A proposta da regra de combate ao desmatamento da União Europeia
Conheça as principais repercussões para empresas brasileiras e as discussões impulsionadas em evento promovido pelo Mattos Filho
A Comissão Europeia, o Parlamento Europeu e o Conselho Europeu chegaram a um acordo político sobre um regulamento da União Europeia (UE) para a promoção de cadeias de abastecimento sem desmatamento. A proposta vem no âmbito do European Green Deal (ou Pacto Ecológico Europeu), conjunto de propostas apresentadas desde 2019 pela Comissão Europeia, com o objetivo de tornar as políticas de clima, energia, transporte e tributação da UE adequadas para reduzir as emissões líquidas de gases de efeito estufa (GEE) em pelo menos 55% até 2030, em comparação com os níveis de 1990. É, também, consequência do Forest Law Enforcement, Governance and Trade (FLEGT) Action Plan, implementado desde 2003 pelo bloco.

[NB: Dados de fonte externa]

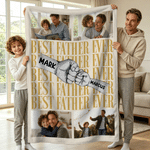Personalized Parent-Child Fist Bump Photo Soft Throw Blanket with Name Room Decor Father's Day Birthday Gift for Father Grandfather
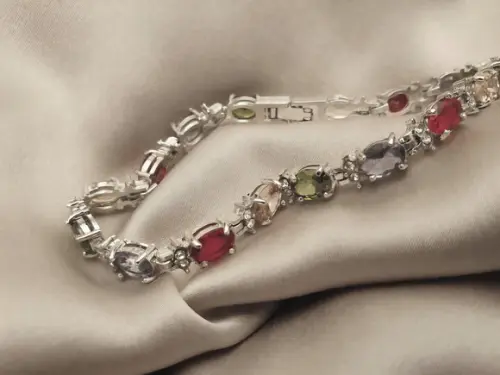 Pulseira Banhada com Cristais Coloridos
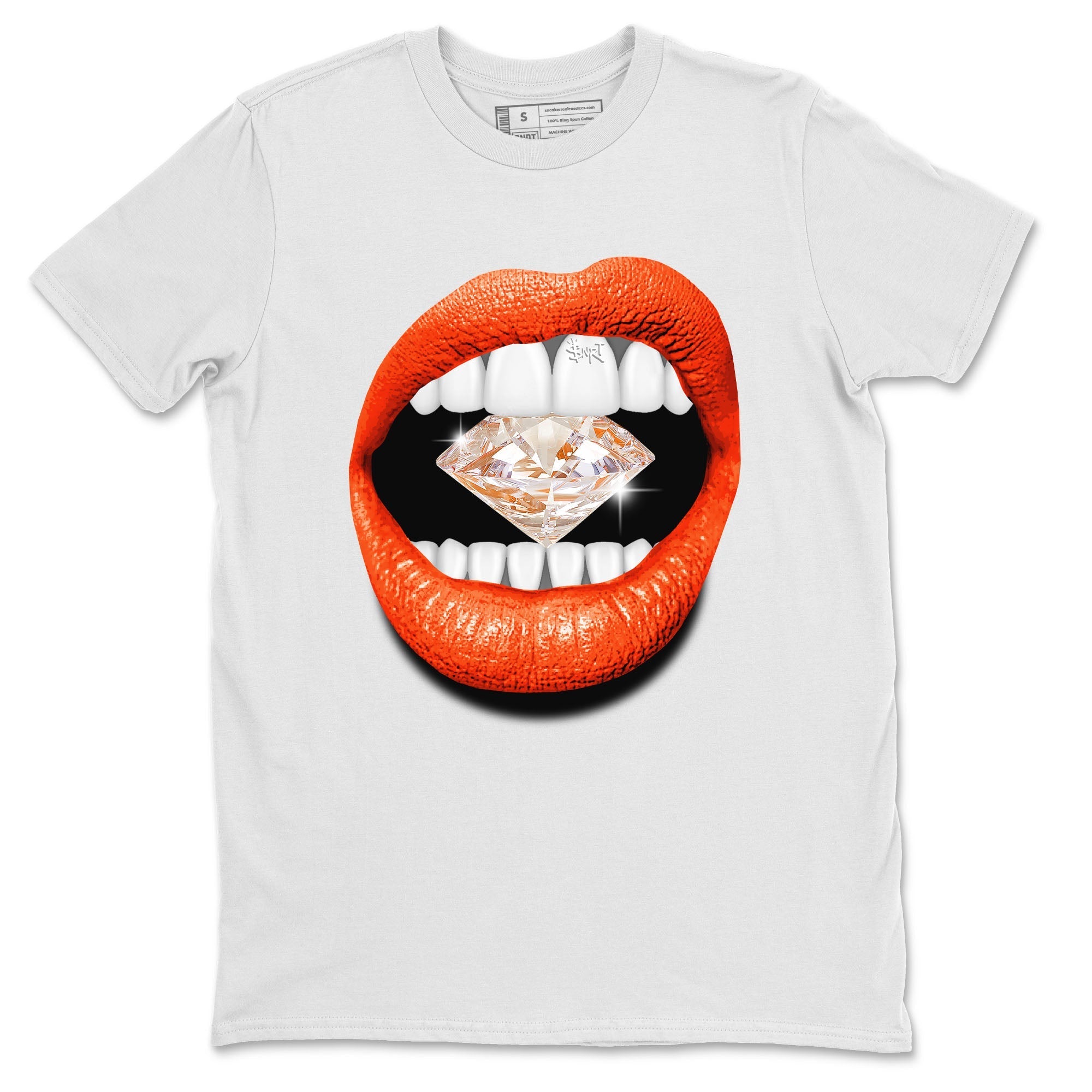 Air Jordan 12 Brilliant Orange Sneaker Match Tees Lips Diamond Streetwear Sneaker Shirt Air Jordan 12 WMNS Brilliant Orange Tees Unisex Shirts White 2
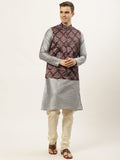 Jompers Men's Printed Nehru Jacket and Kurta Pyjama Set - Maroon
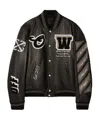 Off-white Logo-embroidered Leather Varsity Jacket In Black
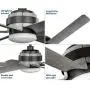 Kaysville Collection 6-Blade Grey Weathered Wood 56-Inch DC Motor LED Urban Industrial Ceiling Fan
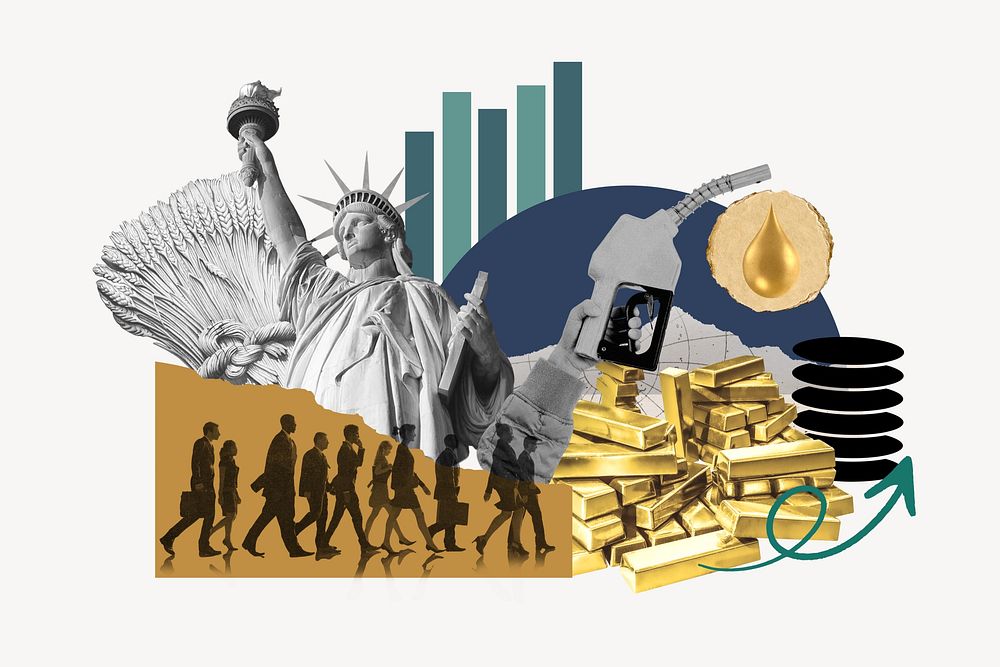 American economic growth, commodity market collage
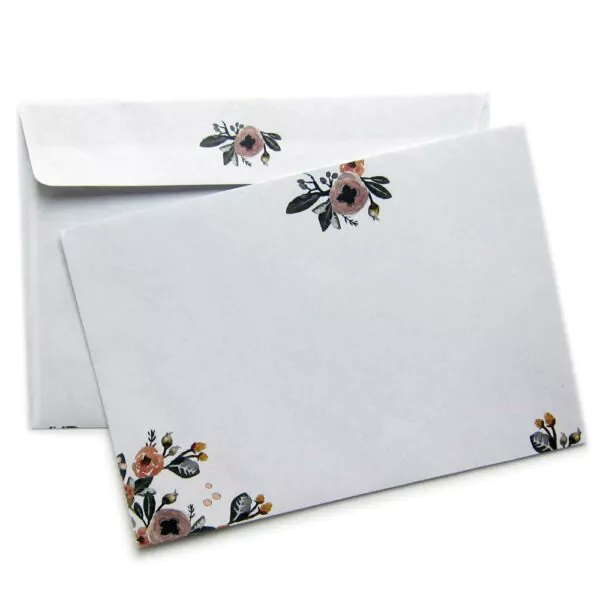 10 envelopes watercolor flowers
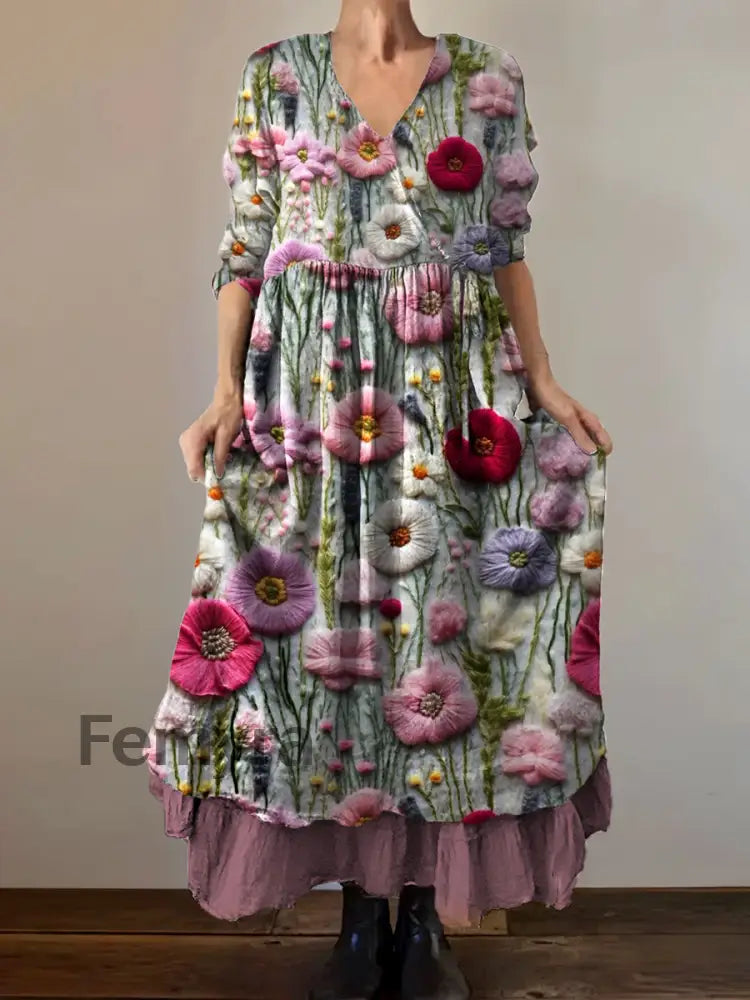 VintageV Neck Bohemian Floral Print Elegant Chic Loose Midi Dress A / S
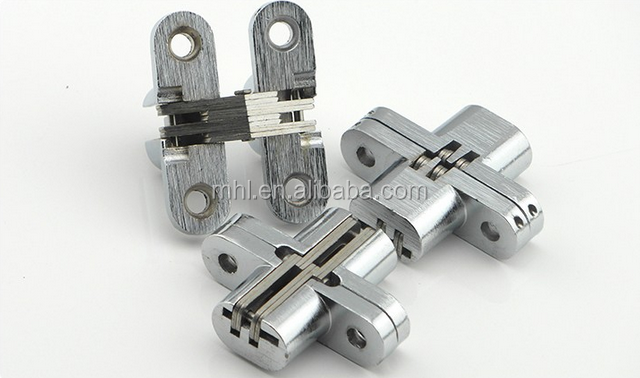 Heavy duty zinc alloy folding pivot door seal hinge 180 degree cross concealed hidden invisible hinge for gate or cabinet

Impactos da possível nova regra
Uma vez adotada e aplicada, a nova regra buscará garantir que um conjunto de bens essenciais colocados no mercado da UE deixe de contribuir para o desmatamento e a degradação florestal na UE e em outras partes do mundo, reduzindo as emissões de GEE e a perda de biodiversidade, além de respeitar os direitos de povos indígenas. A votação da regra pelo Plenário do Parlamento Europeu está pautada na sessão do dia 17 de abril de 2023.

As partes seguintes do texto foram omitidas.